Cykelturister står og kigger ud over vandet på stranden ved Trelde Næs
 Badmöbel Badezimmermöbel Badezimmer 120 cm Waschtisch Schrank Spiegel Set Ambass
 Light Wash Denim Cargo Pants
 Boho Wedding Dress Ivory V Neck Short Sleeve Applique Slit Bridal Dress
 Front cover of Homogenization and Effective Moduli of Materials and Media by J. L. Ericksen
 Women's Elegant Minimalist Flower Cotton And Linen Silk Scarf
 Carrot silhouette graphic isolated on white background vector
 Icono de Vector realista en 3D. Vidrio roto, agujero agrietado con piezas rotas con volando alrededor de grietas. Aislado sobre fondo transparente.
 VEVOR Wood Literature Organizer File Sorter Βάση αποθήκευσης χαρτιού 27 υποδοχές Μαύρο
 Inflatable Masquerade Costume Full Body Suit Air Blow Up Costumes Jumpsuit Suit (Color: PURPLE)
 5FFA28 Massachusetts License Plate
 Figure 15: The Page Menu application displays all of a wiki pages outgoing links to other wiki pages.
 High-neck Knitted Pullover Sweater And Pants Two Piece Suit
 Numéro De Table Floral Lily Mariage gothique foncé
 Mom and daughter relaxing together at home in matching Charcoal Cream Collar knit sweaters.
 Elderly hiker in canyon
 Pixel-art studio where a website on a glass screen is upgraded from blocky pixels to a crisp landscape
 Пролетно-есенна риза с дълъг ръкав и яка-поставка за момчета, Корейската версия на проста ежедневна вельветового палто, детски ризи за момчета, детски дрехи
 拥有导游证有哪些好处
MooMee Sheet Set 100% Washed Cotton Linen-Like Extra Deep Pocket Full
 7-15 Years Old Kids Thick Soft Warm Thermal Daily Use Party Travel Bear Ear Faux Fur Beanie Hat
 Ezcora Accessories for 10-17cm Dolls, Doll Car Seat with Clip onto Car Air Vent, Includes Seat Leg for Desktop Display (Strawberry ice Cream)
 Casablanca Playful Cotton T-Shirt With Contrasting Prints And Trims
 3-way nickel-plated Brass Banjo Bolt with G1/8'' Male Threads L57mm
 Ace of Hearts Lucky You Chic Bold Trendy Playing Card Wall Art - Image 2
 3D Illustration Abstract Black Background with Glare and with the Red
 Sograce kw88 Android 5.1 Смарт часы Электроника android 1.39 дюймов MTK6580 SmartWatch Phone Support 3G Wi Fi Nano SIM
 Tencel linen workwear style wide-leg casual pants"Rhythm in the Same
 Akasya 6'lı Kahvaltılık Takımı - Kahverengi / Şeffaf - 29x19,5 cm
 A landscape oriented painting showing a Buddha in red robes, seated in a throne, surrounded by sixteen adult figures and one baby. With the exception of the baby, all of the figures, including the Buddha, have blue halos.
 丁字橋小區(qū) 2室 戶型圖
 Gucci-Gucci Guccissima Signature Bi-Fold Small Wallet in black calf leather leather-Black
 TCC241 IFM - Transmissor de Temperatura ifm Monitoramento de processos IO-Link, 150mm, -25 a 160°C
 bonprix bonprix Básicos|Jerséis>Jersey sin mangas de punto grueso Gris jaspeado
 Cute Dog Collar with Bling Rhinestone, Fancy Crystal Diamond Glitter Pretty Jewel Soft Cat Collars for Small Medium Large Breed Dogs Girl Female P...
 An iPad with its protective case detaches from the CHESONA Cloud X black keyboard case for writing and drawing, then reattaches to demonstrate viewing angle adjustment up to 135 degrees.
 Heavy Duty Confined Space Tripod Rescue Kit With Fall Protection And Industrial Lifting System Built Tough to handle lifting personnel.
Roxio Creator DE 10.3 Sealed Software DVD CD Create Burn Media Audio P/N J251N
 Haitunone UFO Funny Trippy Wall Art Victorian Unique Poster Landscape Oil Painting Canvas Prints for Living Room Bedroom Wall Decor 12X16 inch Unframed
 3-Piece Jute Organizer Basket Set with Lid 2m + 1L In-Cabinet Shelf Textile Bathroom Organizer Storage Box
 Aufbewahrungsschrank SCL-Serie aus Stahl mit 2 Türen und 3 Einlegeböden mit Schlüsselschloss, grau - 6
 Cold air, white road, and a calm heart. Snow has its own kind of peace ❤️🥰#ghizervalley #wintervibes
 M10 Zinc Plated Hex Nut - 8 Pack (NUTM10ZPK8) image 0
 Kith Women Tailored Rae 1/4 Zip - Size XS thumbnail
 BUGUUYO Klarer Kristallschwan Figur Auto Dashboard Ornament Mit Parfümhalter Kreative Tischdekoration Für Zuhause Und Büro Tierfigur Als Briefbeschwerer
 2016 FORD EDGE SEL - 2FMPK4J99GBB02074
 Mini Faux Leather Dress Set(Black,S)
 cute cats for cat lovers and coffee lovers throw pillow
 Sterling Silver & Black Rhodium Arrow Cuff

----

*Exercise*
Give back, unchanged, the run of lines in the listing above that begins at the line containing "An iPad with" and ends at the line containing "Roxio Creator DE", both included.

*Solution for this exercise*
 An iPad with its protective case detaches from the CHESONA Cloud X black keyboard case for writing and drawing, then reattaches to demonstrate viewing angle adjustment up to 135 degrees.
 Heavy Duty Confined Space Tripod Rescue Kit With Fall Protection And Industrial Lifting System Built Tough to handle lifting personnel.
Roxio Creator DE 10.3 Sealed Software DVD CD Create Burn Media Audio P/N J251N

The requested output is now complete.